Data Acquisition with APIs in R

You can download this .qmd file from here. Just hit the Download Raw File button.

Credit to Brianna Heggeseth and Leslie Myint from Macalester College for a few of these descriptions and examples.

Getting data from websites

Option 1: APIs

When we interact with sites like The New York Times, Zillow, and Google, we are accessing their data via a graphical layout (e.g., images, colors, columns) that is easy for humans to read but hard for computers.

An API stands for Application Programming Interface, and this term describes a general class of tool that allows computers, rather than humans, to interact with an organization’s data. How does this work?

  • When we use web browsers to navigate the web, our browsers communicate with web servers using a technology called HTTP or Hypertext Transfer Protocol to get information that is formatted into the display of a web page.
  • Programming languages such as R can also use HTTP to communicate with web servers. The easiest way to do this is via Web APIs, or Web Application Programming Interfaces, which focus on transmitting raw data, rather than images, colors, or other appearance-related information that humans interact with when viewing a web page.

A large variety of web APIs provide data accessible to programs written in R (and almost any other programming language!). Almost all reasonably large commercial websites offer APIs. Todd Motto has compiled an expansive list of Public Web APIs on GitHub, although it’s about 3 years old now so it’s not a perfect or complete list. Feel free to browse this list to see what data sources are available.

For our purposes of obtaining data, APIs exist where website developers make data nicely packaged for consumption.

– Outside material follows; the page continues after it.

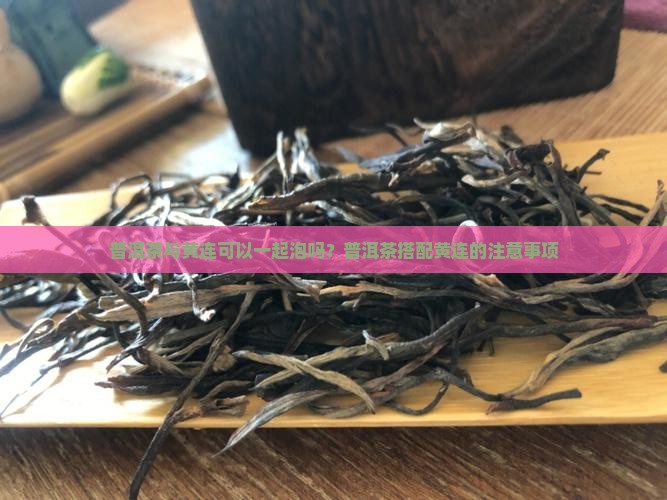 普洱茶可以和黄连一起泡吗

The language HTTP (hypertext transfer protocol) underlies APIs, and the R package httr() (and now the updated httr2()) was written to map closely to HTTP with R. Essentially you send a request to the website (server) where you want data from, and they send a response, which should contain the data (plus other stuff).

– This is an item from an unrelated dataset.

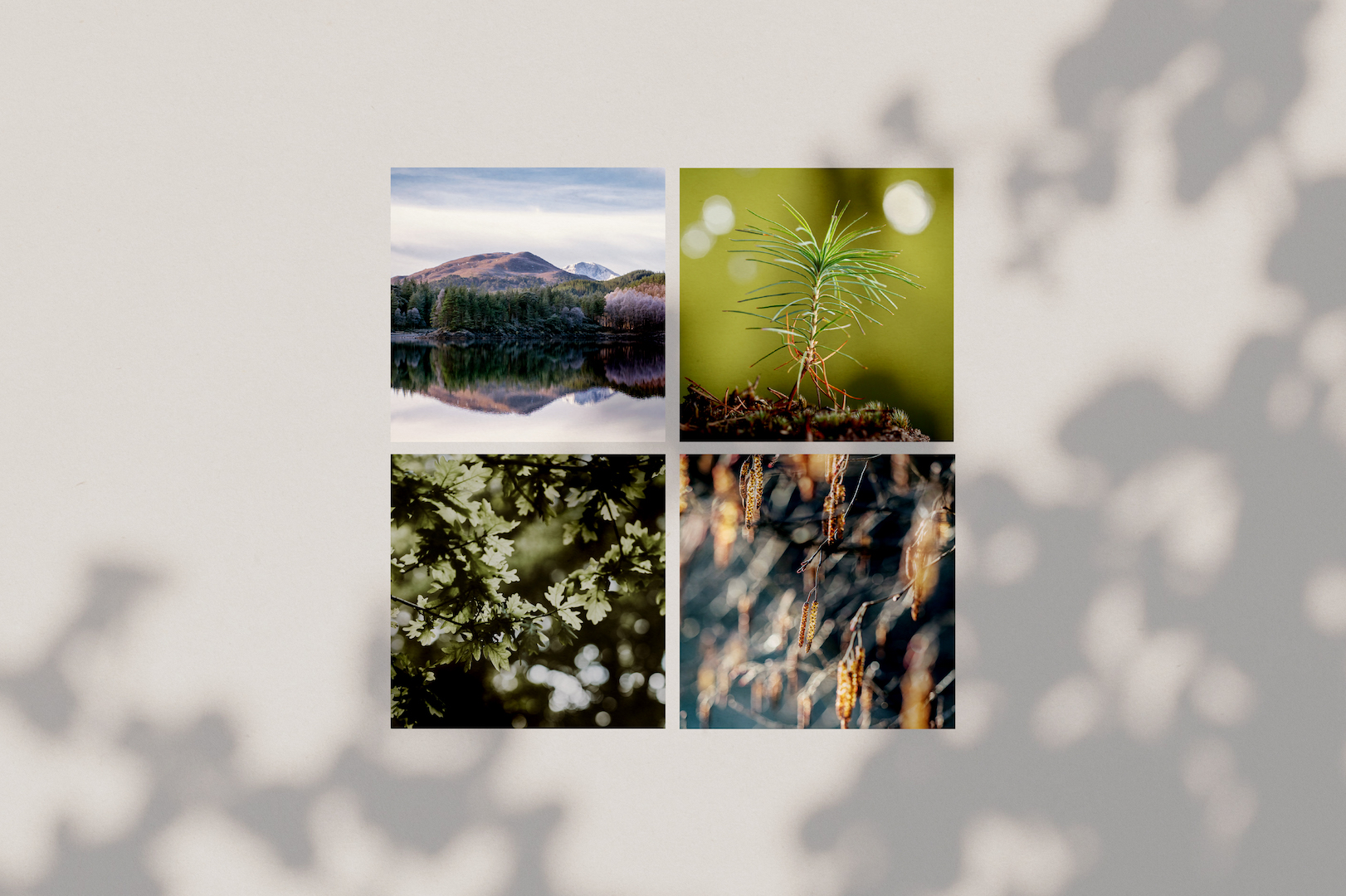 Plant a tree cards Plant a tree gift cards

The case studies in this document provide a really quick introduction to data acquisition, just to get you started and show you what’s possible. For more information, these links can be somewhat helpful:

  • https://towardsdatascience.com/functions-with-r-and-rvest-a-laymens-guide-acda42325a77
  • https://nceas.github.io/oss-lessons/data-liberation/intro-webscraping.html

Wrapper packages

In R, it is easiest to use Web APIs through a wrapper package, an R package written specifically for a particular Web API.

  • The R development community has already contributed wrapper packages for many large Web APIs (e.g. ZillowR, rtweet, genius, Rspotify, tidycensus, etc.)
  • To find a wrapper package, search the web for “R package” and the name of the website. For example:
  • rOpenSci also has a good collection of wrapper packages.

In particular, tidycensus is a wrapper package that makes it easy to obtain desired census information for mapping and modeling:

Warning: • You have not set a Census API key. Users without a key are limited to 500
queries per day and may experience performance limitations.
ℹ For best results, get a Census API key at
http://api.census.gov/data/key_signup.html and then supply the key to the
`census_api_key()` function to use it throughout your tidycensus session.
This warning is displayed once per session.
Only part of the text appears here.